Limitations & Future Work¶
- Multi-step diffusion inference is slower than discriminative models (DepthAny v2: 18 ms vs. PPD: 140 ms); the lightweight PPD-Small variant at 40 ms provides partial mitigation.
- Temporal consistency is lacking when applied to video (inter-frame flickering).
- The method addresses only relative depth; metric depth estimation requires additional adaptation.
Related Work & Insights¶
- The semantic prompting mechanism of SP-DiT is applicable to other pixel-space generation tasks (e.g., surface normal estimation, optical flow).
- The cascaded patch strategy suggests that Transformers need not operate at a uniform resolution throughout.
- Comparison with REPA demonstrates that explicit semantic feature concatenation substantially outperforms implicit alignment (REPA AbsRel 17.6 vs. SP-DiT 4.3).
Rating¶
- Novelty: ⭐⭐⭐⭐⭐ — First successful realization of diffusion-based depth estimation in pixel space; SP-DiT and Cas-DiT are novel and effective designs.

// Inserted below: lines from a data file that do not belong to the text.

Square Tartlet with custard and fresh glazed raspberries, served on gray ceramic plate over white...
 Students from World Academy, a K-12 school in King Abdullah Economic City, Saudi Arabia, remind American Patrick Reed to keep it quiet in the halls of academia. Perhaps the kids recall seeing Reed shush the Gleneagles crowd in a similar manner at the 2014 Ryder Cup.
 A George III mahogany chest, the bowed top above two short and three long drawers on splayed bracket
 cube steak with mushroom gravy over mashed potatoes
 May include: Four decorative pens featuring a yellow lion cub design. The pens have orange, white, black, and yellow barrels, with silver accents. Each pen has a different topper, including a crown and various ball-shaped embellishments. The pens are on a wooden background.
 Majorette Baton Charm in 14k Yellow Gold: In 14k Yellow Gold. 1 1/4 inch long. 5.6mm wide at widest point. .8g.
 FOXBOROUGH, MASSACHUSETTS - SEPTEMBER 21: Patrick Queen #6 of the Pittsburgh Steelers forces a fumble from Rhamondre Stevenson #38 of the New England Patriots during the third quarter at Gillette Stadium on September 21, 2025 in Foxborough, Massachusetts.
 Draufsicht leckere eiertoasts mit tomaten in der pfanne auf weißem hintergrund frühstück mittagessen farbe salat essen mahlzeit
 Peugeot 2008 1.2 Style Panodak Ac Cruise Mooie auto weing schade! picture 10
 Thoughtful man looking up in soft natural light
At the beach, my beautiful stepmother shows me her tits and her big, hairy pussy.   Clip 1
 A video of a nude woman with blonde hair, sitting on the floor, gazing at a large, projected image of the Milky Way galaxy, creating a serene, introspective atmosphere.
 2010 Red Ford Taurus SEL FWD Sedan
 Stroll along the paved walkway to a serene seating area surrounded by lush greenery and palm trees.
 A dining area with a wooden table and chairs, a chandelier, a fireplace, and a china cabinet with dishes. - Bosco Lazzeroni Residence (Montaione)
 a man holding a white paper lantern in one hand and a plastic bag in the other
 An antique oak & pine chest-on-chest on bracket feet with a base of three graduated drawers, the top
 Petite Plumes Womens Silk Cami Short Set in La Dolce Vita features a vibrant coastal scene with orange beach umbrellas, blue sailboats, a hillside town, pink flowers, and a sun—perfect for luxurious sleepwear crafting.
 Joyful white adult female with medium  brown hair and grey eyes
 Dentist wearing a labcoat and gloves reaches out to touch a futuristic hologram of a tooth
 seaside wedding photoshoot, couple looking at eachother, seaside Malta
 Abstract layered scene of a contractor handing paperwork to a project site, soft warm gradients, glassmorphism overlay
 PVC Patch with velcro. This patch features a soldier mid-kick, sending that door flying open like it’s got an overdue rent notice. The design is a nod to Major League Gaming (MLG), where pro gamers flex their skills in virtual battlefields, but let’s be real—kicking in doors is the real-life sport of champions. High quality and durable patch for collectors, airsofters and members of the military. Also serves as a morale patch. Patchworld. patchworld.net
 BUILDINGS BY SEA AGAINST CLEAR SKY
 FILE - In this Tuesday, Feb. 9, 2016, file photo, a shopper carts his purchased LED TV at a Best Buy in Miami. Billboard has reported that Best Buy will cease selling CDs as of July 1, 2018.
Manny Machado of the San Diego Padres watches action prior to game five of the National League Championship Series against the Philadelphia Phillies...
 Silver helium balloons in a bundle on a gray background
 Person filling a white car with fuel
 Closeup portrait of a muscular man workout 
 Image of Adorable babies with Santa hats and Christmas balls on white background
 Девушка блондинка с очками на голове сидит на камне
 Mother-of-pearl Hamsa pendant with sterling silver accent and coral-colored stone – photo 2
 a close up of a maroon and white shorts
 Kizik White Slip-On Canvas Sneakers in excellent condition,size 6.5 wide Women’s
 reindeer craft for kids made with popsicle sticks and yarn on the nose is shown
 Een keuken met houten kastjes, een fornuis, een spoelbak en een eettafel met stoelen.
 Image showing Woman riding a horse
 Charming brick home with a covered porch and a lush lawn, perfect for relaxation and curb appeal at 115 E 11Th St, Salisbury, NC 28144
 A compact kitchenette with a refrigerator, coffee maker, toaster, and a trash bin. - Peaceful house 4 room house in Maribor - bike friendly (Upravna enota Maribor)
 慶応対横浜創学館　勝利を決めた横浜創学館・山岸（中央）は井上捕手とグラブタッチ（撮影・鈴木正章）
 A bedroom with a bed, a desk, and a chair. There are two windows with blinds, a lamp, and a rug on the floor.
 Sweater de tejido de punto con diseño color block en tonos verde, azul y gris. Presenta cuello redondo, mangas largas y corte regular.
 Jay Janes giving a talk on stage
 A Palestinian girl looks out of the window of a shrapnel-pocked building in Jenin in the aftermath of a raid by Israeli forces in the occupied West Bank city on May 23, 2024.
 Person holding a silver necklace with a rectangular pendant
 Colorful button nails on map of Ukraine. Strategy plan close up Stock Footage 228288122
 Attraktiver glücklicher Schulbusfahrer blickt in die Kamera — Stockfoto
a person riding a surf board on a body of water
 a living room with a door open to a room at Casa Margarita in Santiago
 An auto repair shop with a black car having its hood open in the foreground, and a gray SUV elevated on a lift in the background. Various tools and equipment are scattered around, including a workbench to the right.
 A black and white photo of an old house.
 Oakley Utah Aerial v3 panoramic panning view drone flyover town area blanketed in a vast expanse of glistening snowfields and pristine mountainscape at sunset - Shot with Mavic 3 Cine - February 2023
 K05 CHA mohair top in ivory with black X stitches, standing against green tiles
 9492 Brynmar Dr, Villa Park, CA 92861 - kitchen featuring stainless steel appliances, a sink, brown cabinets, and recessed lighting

- Experimental Thoroughness: ⭐⭐⭐⭐⭐ — Five benchmarks, multi-VFM ablations, edge-aware evaluation, REPA comparison, and a lightweight variant.
- Writing Quality: ⭐⭐⭐⭐⭐ — Problem formulation is clear, ablations are convincing, and figures are high quality.
- Value: ⭐⭐⭐⭐⭐ — Addresses a core pain point in generative depth estimation with strong practical applicability.